Btw. genetyki itp. parę dni temu zapytałem się znajomego księdza na gg o taką rzecz i przytoczę rozmowę:
ja7 (22-08-2006 8:19)
elo ksiadz
ja7 (22-08-2006 8:20)
mam pytanie do Ciebie
ja7 (22-08-2006 8:21)
czy my mamy wierzyc tak jak zydzi, tzn że ziemia istnieje tylko kilka tysięcy lat a Bóg powkładał w ziemie szkielety dinozaurów żeby nas sprawdzić?
Xądz (22-08-2006 8:25)
ja nie wiem, czy tak wierzą Żydzi. Jak się czyta pierwsze stronice Pisma Św. - genesis, to jest tam napisane, że Pan Bóg stworzył świat, stworzył człowieka, na podobieństwo Boga, jako męzczyznę i kobietę. Tam nic nie ma na temat jak długo trwa świat. Prawdy Pisma św. nie sprzeciwiają się tez teorii ewolucji. Pan Bóg był inicjatorem życia na ziemi, a w którym momencie obdarował człowieka duszą nieśmiertelną i ile osób naraz, jest to drugorzędną sprawą. Ciao
ja7 (22-08-2006 8:25)
sprytnie
ja7 (22-08-2006 8:25)
dzięki
jakieś refleksje?
I tego właśnie nigdy nie mogłem ścierpieć. A dlaczego powołują się na spekulacje.
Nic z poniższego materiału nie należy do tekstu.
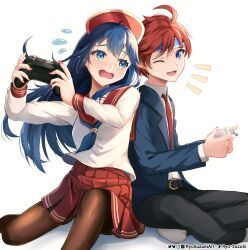  absurdres ahoge black_pants blazer blue_eyes blue_hair blue_headband blue_jacket blue_neckerchief brown_pantyhose contemporary controller fire_emblem fire_emblem:_the_binding_blade flying_sweatdrops game_controller hat headband highres holding holding_controller holding_game_controller jacket lilina_(fire_emblem) long_hair neckerchief necktie nervous_sweating one_eye_closed open_mouth pants pantyhose pleated_skirt red_hair red_hat red_necktie red_sailor_collar red_skirt roy_(fire_emblem) ryo-suzuki sailor_collar school_uniform serafuku shirt short_hair simple_background sitting skirt smile socks sweat sweatdrop white_background white_shirt white_socks 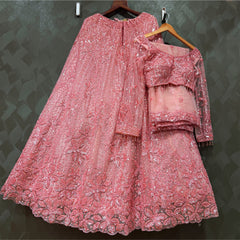 Baby pink embroidered lehenga with bead-and-pearl sparkle, flared skirt and blouse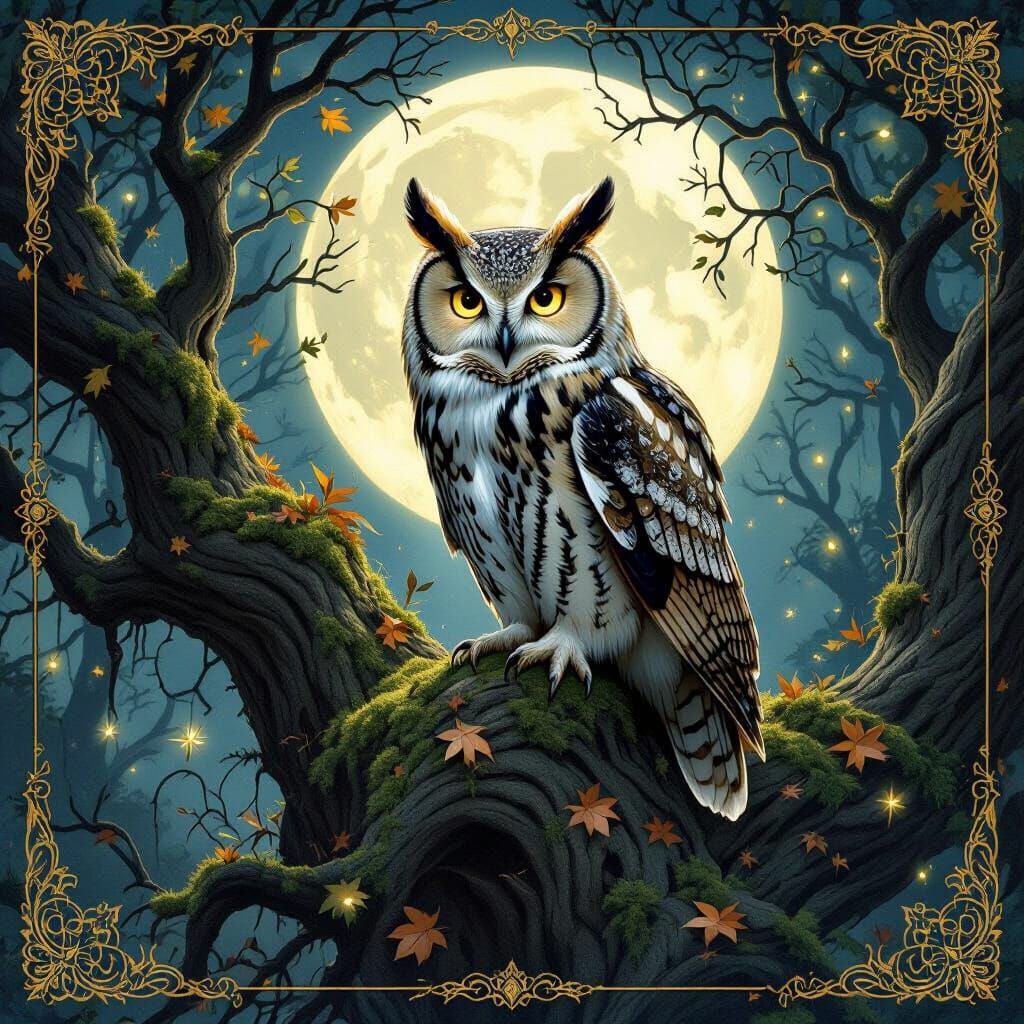 Moonlit Owl in Enchanted Forest, Fantasy Art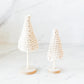 Set of cream crochet Christmas trees on wooden bases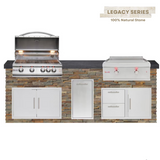 The Legacy Elite 8 Ft Island with 32" Blaze LTE Grill, 30" Blaze Griddle, Drawers, Trash Bin & Granite Countertop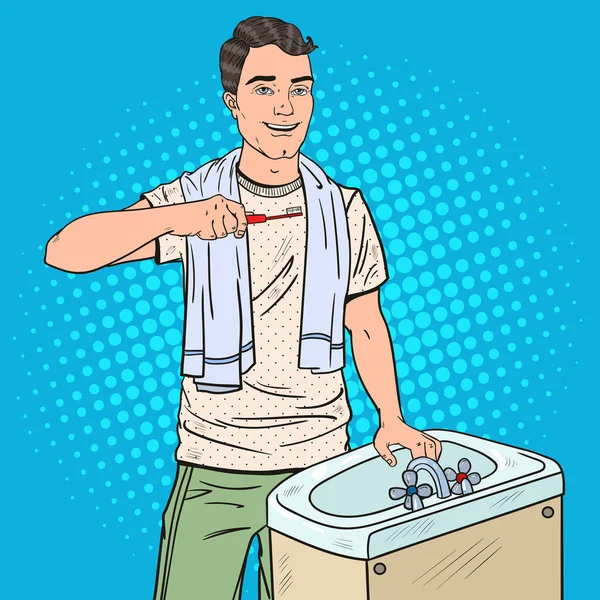 Pop Art lächelnder Mann beim Zähneputzen im Badezimmer. Zahnhygiene. Vektorillustration — Stockvektor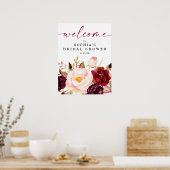 Boho Burgundy Floral Brautparty Begrüßungszeichen Poster (Küche)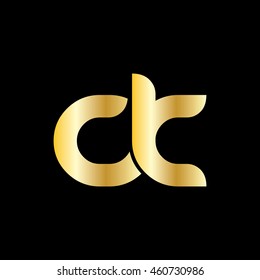 Initial Letter CK CLC Linked Circle Lowercase Logo Gold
Skąd wiadomo na pewno, że jakieś zwierzaki z wody sprzed 500 milionów lat temu miały tyle a tyle dokładnie czegokolwiek?? Co niby mieli ich nienaruszoną tkankę i przebadali? Co innego astronomia, gdzie wszystko podlega prawą fizyki i można wyliczyć, ale w biologii? Na jakiej zasadzie tak spekulują i podają za pewne?
Żadna nauka empiryczna nie formułuje twierdzeń pewnych, tylko mniej lub bardziej prawdopodobne. To, że jakaś teoria jest przyjęta oznacza tyle, że nie została dotąd sfalsyfikowana, a nie, że jest pewna. Co do Twojego przykładu, to przypuszczam, że takie koncepcje formułuje się na podstawie kształtu, wieku skamielin, podobieństwa do innych skamielin, wiedzy, jaką posiadamy na temat ówczesnego środowiska itd. Ale nie jest to wiedza pewna, tylko przypuszczenie o wysokim stopniu prawdopodobieństwa. Zresztą w fizyce i w astronomii jest tak samo w tej mierze, w jakiej są naukami empirycznymi.
Bada się szczątki roślin, gleby skał itp. aby było wiadomo ,że ileś tam milion lat temu oblewała je woda. A skoro oblewała je woda to pierwsze stworzenia nie mogły wyjść z pod ziemi.
Poza tym obserwuje się zjawiska zachodzące w teraźniejszości i porównuje je z teoriami.
Oczywiście jest to skrót w zasadzie jest to dużo bardziej skomplikowane.